Its stage associations.
Its impact, both on conversion/expansion and churn.
Some very important notes about conditions and impact:
Signal conditions always need to represent positive outcomes.
E.g. OK ✅ (for Retention) Login > 3 times last 7 days.
NOT OK ❌ (for churn) Login ⪬ 3 times last 7 days.
Positive green portion reflects how much impact the Signal has on positive movement when active! (conditions = true)
Negative red portion reflects how much impact the Signal has on negative movement when NOT active! (conditions = false)
The Signal group is characterized by its name, a description, and foremost the option to show all belonging Signals throughout journy.io. Some Signals are important to show (e.g. one wants to show which onboarding events already occured) while others can easily stay hidden as it only makes sense for machine learning reasons and have little logical sense.
Smart Signals
As mentioned before, journy.io can create Signals based upon past stage movements, upon holding enough data into its model. What's great about the Smart Signal's ML-model is that it only requires very little training data to start providing meaningful results. The threshold is set at only 5 stage movements per stage. And of course, the more data the model is trained with, the better it becomes. If a Signal's impact becomes irrelevant for certain movements, we will automatically exclude it from the model.
Going to Settings → Signals, you'll clearly see the button 'Smart Signals' with the amount of Smart Signals to be considered. Pressing the button will show you these Signals.
The repeatable process is straightforward:
Find the rules, grouped by stage.
Select the rules you want to add.
Optionally, change the date range. For some date ranges, you might have a figure that makes more sense for e.g. last 7 days rather than last 30 days. Making the date range smaller also makes the system react quicker on changed.
Sometimes, a Signal will be greyed out, because similar Signal already exist and you'd want to avoid same/double Signals.
Select the Signal group you want to add the Signals to.
Press 'Add Smart Signals'
You'll now find new Signals in chosen group. They will already have impact computed on past stage movements.
Conversion, Churn and Health Scores
Out of the Signals created, journy.io will automatically compute conversion, churn and health scores. These actionable computed properties can serve to trigger Playbooks,
serve as base for Segments and be sync’d downstream your PLG motion, to custom fields in marketing automation, CRM and ticketing systems...
And as they are scores, you can expect them in the Settings → Scores section. Obviously uneditable.
You will also see them in 360 customer views.

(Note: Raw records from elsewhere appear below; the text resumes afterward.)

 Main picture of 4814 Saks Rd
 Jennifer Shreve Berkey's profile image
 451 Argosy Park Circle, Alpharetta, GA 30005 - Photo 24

As well as in the Inbox sidebar.
Signals throughout journy.io
On several screens, you'll see a simple indicator ⚡️ that — upon hoovering — will display the Signals being active or NOT active for the account/user at stake, together with its impact to Conversion and Churn. If the Signal is active/set you will see a green bar indicating how much it contributes to the Conversion score; when it's NOT active/clear, you will see a red bar indicating how much it contributes to the Churn score.
The more green and less red, the better. The more red and less green, the worst. The more evenly green and red, the more indecisive. And this reflects real behaviour, as some features being used might indicate a likelihood to buy, while yet the lack of using other important features might indicate a likelihood to churn.
Also in the 360 customer view, you'll clearly find Signals back in the sidebar.
Here are Signals in the Stage View.
Health score vs Health Profile throughout journy.io
The health score eventually reflects whether to be leaning to expecting a buy or a churn. And while the Heath score is unquestionably clear about these likelihoods, the way an account/user appears to be in Good, Bad or Normal health might need some additional reflection.
By default, the 'Default Health Profile' is directly derived from Health scores. However, the SaaS market has a tendency to be seeing a Good, Bad and Normal account by more than just its likelyhood to buy or churn. We therefore kept the option for a journy.io subscriber to define his own business-typical Health profiles.